_WHAT THE TASK REQUIRES_:
After locating the line that contains "KIXIN SUNNIGOO Electric", transcribe exactly that line and each one after it until the data ends, skipping pictures.
***
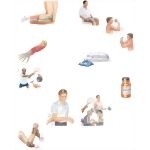 Managing Your Tennis Elbow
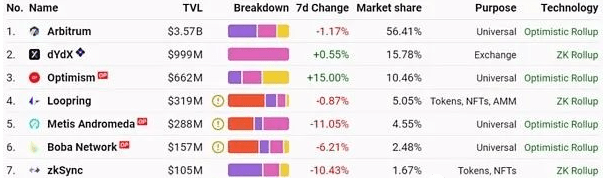 热门空投代币Optimism（OP），难道只是昙花一现？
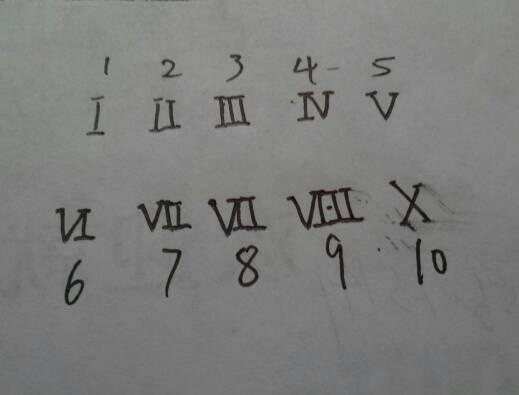 罗马数字0-10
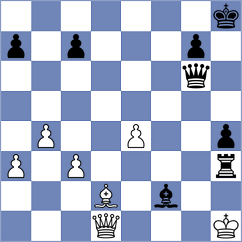Richards - Suico (Chess.com INT, 2021)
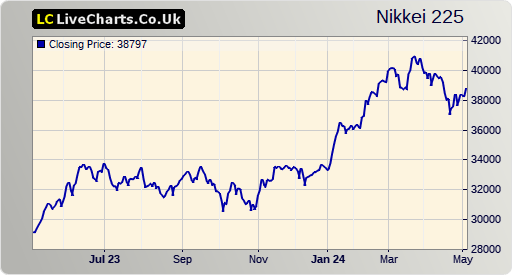 NIKKEI 225 stock index  chart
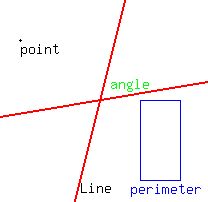 +%0D%0Adrawing%28+200%2C+200%2C+0%2C+10%2C+0%2C+10%2C+%0D%0A++circle%28+1%2C+8%2C+0.05+%29%2C%0D%0A++locate%28+1%2C+7.9%2C+point+%29%2C%0D%0A++red%28+line%28+-1%2C+-20%2C+11%2C+30+%29+%29%2C%0D%0A++red%28+line%28+-1%2C+4%2C+11%2C+6+%29+%29%2C%0D%0A++locate%28+4%2C+1%2C+Line+%29%2C%0D%0A++locate%28+5.5%2C+6.2%2C+green%28+angle+%29+%29%2C%0D%0A++blue%28+rectangle%28+7%2C+1%2C+9%2C+5+%29+%29%2C%0D%0A++locate%28+6.5%2C+0.9%2C+blue%28+perimeter+%29+%29%0D%0A%29%0D%0A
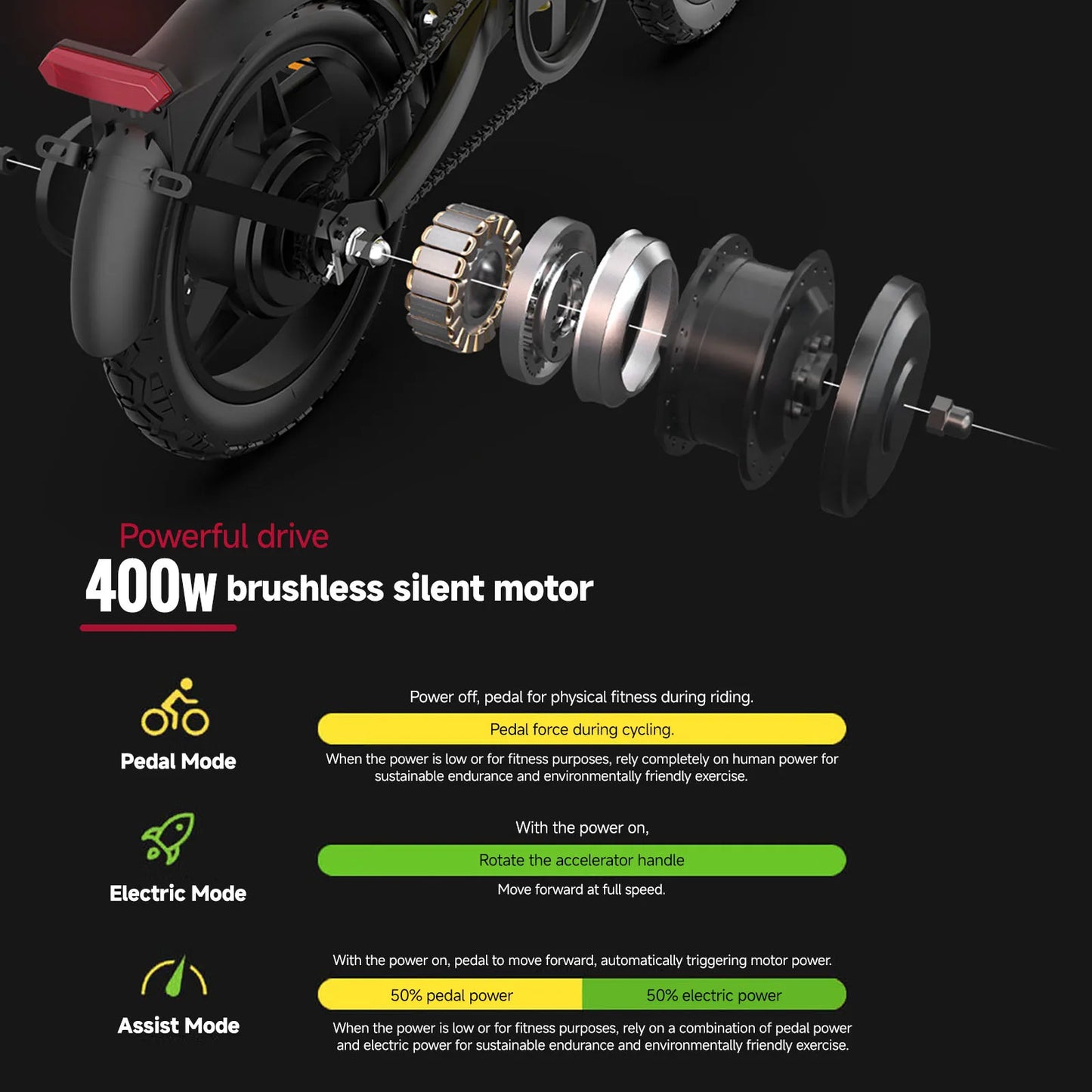 KIXIN SUNNIGOO Electric Fat Tire Bike Adults .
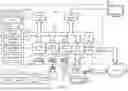 Fig. 07 - REVERSE PROXY SERVERS FOR IMPLEMENTING APPLICATION LAYER-BASED AND TRANSPORT LAYER-BASED SECURITY RULES
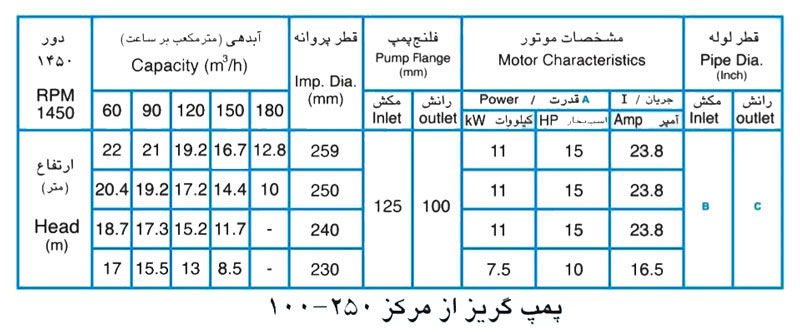 پمپ آب پمپیران مدل 250-100 با موتور 7.5 کیلووات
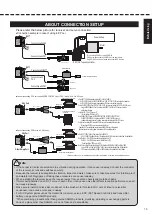 Предварительный просмотр 11 страницы Sanwa MT-5 User Manual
***
_EXERCISE RESPONSE_:
 KIXIN SUNNIGOO Electric Fat Tire Bike Adults .
 Fig. 07 - REVERSE PROXY SERVERS FOR IMPLEMENTING APPLICATION LAYER-BASED AND TRANSPORT LAYER-BASED SECURITY RULES
 پمپ آب پمپیران مدل 250-100 با موتور 7.5 کیلووات
 Предварительный просмотр 11 страницы Sanwa MT-5 User Manual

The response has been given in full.